Son ocho meses y aún no nos acostumbramos bien al trabajo y estudio desde casa, espacios que hace más de tres o cuatro décadas no están diseñados para labores de concentración, en los casos de quienes somos clase media: un área para cocina, sala, comedor, con suerte dos baños y cuartos para dormitorio donde no caben más que la cama y una mesa.
Los cuartos de estudio son para otros niveles de acceso económico, donde esos cuartos estaban destinados a no hacer nada, a estar cerrados, porque siempre la oficina o el despacho del padre o la madre era un sitio sagrado, un cuarto de juguetes para grandes.
Hoy el diseño de casas y departamentos para residencia debe incluir, como normativa, un cuarto para estudio, donde existan las conexiones básicas para los dispositivos que requerimos, pues hasta hace poco, solo los jugadores en línea tenían en cuenta sus comodidades; ahora todos necesitamos de conectividad adecuada.

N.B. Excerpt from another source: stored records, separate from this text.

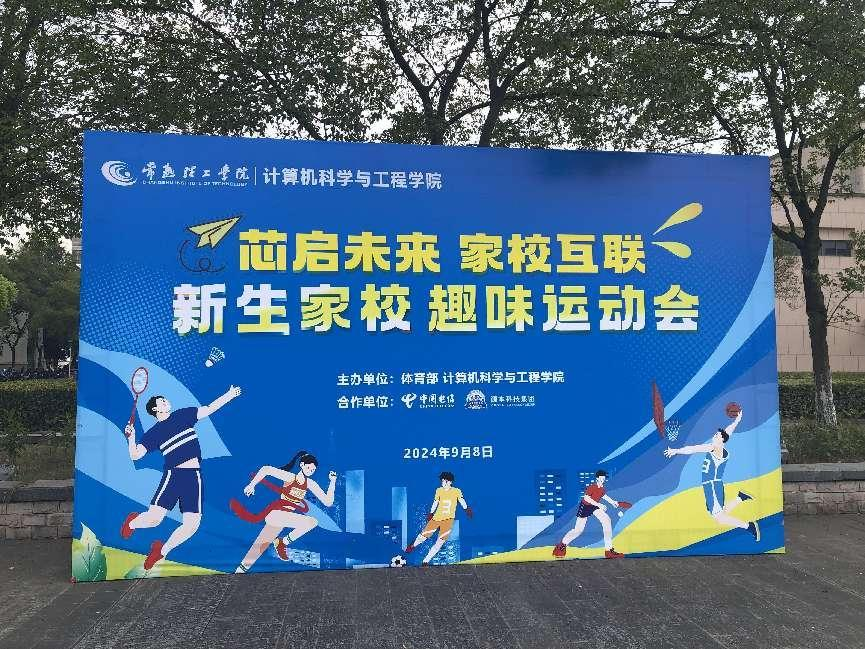 瓦力只为品质诞生·科技集团参与支持常熟理工学院计算机科学与工程学院隆重召开2024级新生家校趣味运动会暨新生家校见面会活动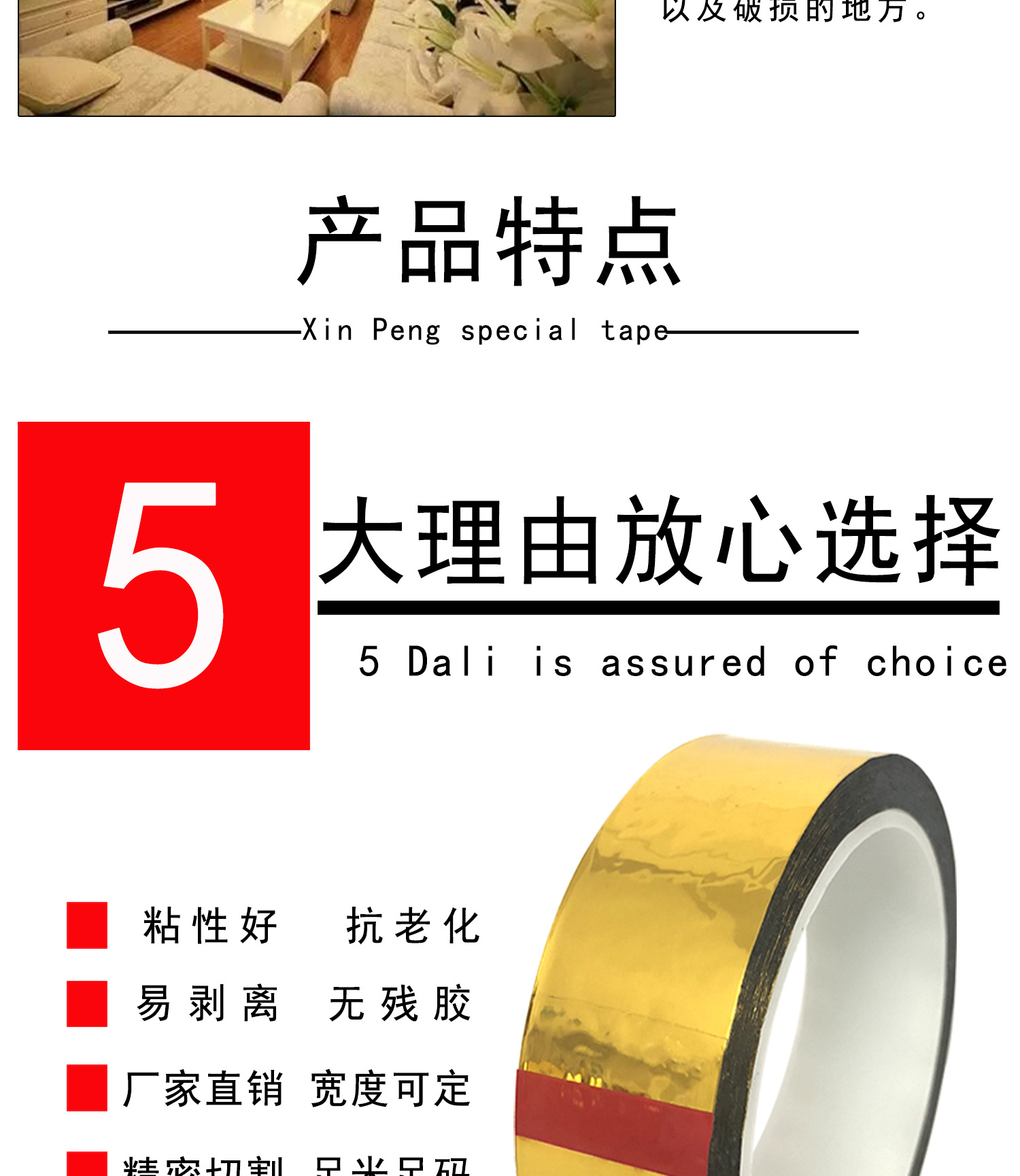 金手指详情页图-恢复的_06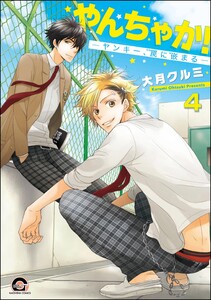 やんちゃか!─ヤンキー、罠に嵌まる─(分冊版) 【第4話】 電子書籍版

Con cada fin de periodo escolar, hacemos una nueva experimentación para acomodarnos y no interferirnos cuando estamos todos conectados a las videoconferencias y cuando el servicio de Internet se va, un solo grito de queja, lamento y ansiedad se escucha.
Hemos cambiado mucho en estos ocho meses y sería una tontería volver a hacer lo mismo. Las empresas de servicios de internet son ahora tan vitales como la empresa de energía y la de agua potable, pero aún seguimos con normativas y reglamentaciones que no dan cuenta de los cambios.
Internet es ya un servicio básico y la conectividad un derecho que debe ser vigilado por el propio Estado. Si trabajamos desde casa, la empresa o institución debe y tiene que proveernos del servicio y del equipo.
¿Cuánto hemos cambiado? ¿Queremos volver a lo mismo?